### Description of the task
Each record below must come back exactly as written; its pictures must not.

### Extracted information
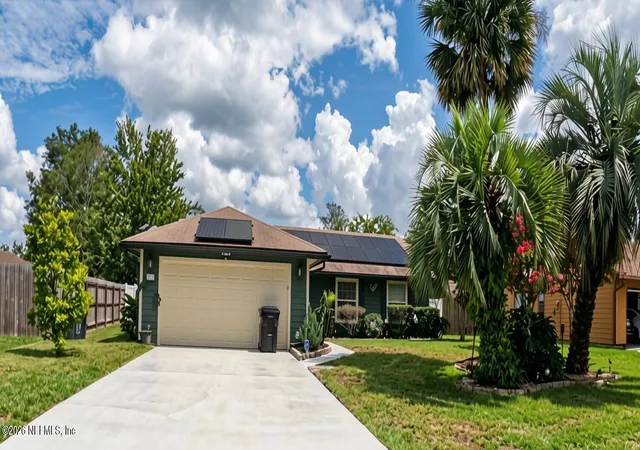 Photo 2 of Single family home for sale at 808 Elmwood St, Orange Park, FL 32065 | MLS# 2156187 | Listing updated on 2026-08-25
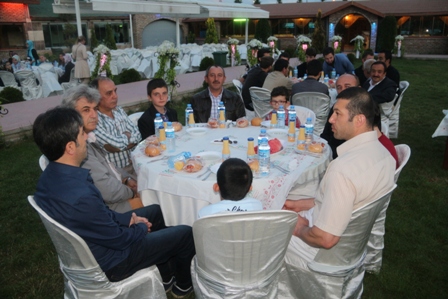 hepbirr-grubu-iftarda-bulustu-(6).jpg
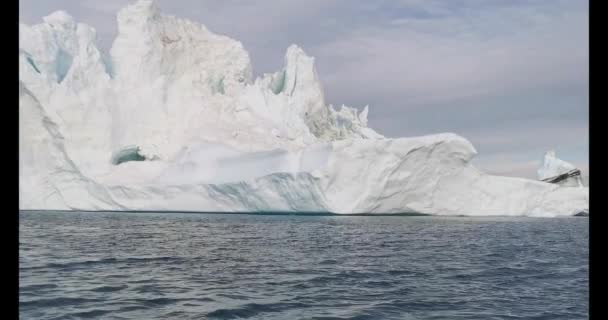 Glaciers flottants dans le golfe de Dicso Bay dans l'ouest du Groenland — Video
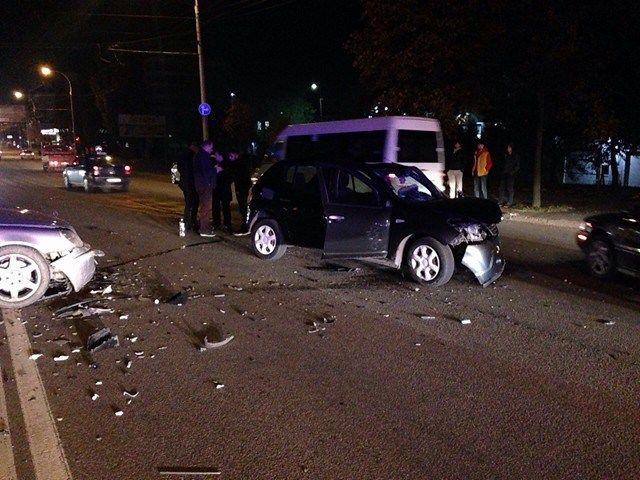 Două automobile s-au ciocnit frontal pe strada Mihai Viteazul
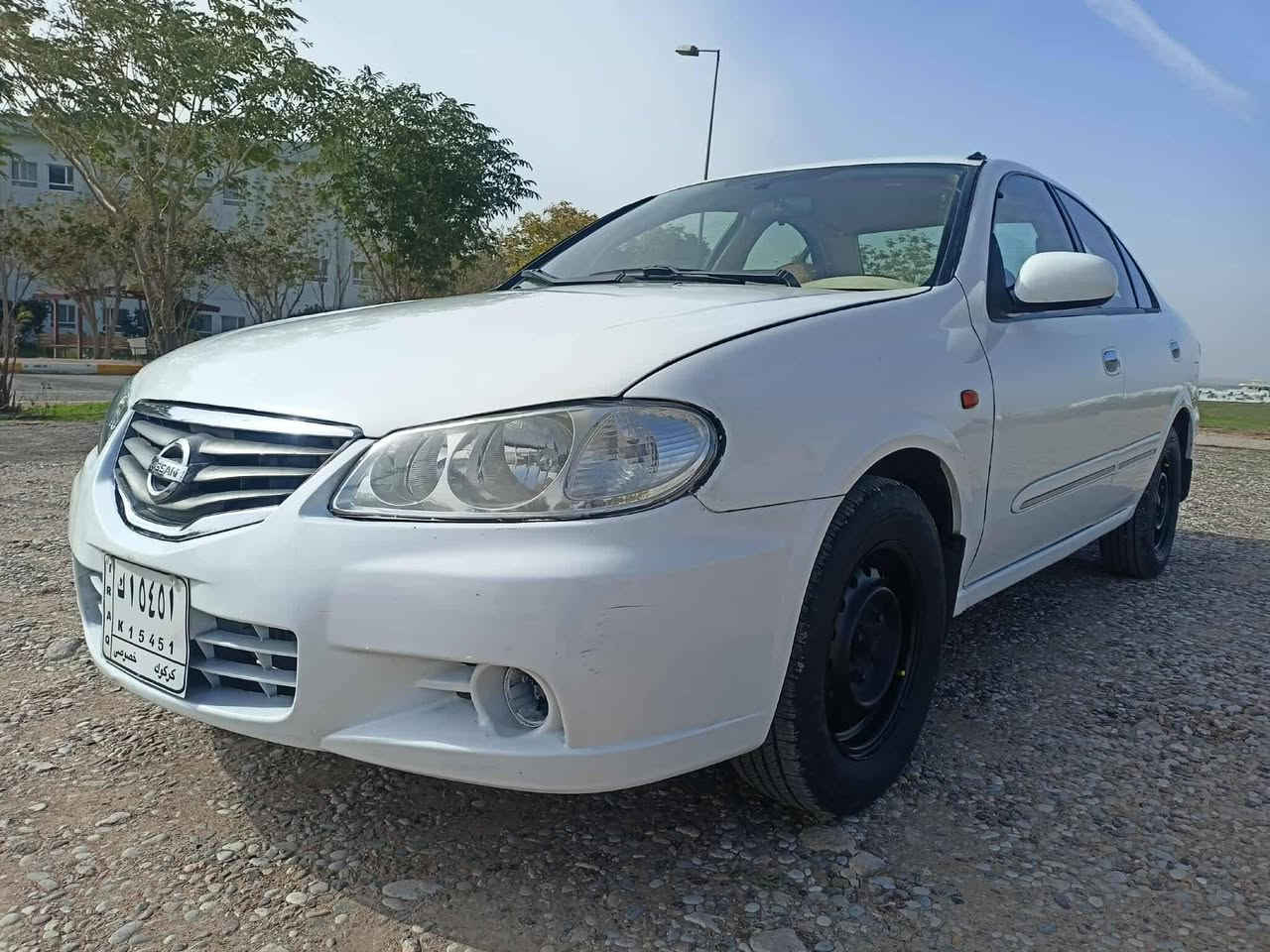 سەنی یابانی 2009لـۆک 130هەزار ڕۆشتوە بــــــــڕاوە مەکینە گەورە گێڕ و مەکینە بەشەرت تەقە و ڕەقە بەشەرت کارەبای بەشەرت دەعم و لێدراو و پێش و دوا بەشەرت نوقسانی لەگیانیا نیە تەبرید و گەرم بەشەرت چوار تایە و ویلی لۆک بۆبەسراوە کەلە و عەینەک چوار جام کارەبا ئاوێنە کارەبای ناوزەرد خەلیجی خـاڵی پێوە نیە سەیارەکە لۆکە سفرە ماشەڵا ***********     ***********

### Task response
 Photo 2 of Single family home for sale at 808 Elmwood St, Orange Park, FL 32065 | MLS# 2156187 | Listing updated on 2026-08-25
 hepbirr-grubu-iftarda-bulustu-(6).jpg
 Glaciers flottants dans le golfe de Dicso Bay dans l'ouest du Groenland — Video
 Două automobile s-au ciocnit frontal pe strada Mihai Viteazul
 سەنی یابانی 2009لـۆک 130هەزار ڕۆشتوە بــــــــڕاوە مەکینە گەورە گێڕ و مەکینە بەشەرت تەقە و ڕەقە بەشەرت کارەبای بەشەرت دەعم و لێدراو و پێش و دوا بەشەرت نوقسانی لەگیانیا نیە تەبرید و گەرم بەشەرت چوار تایە و ویلی لۆک بۆبەسراوە کەلە و عەینەک چوار جام کارەبا ئاوێنە کارەبای ناوزەرد خەلیجی خـاڵی پێوە نیە سەیارەکە لۆکە سفرە ماشەڵا ***********     ***********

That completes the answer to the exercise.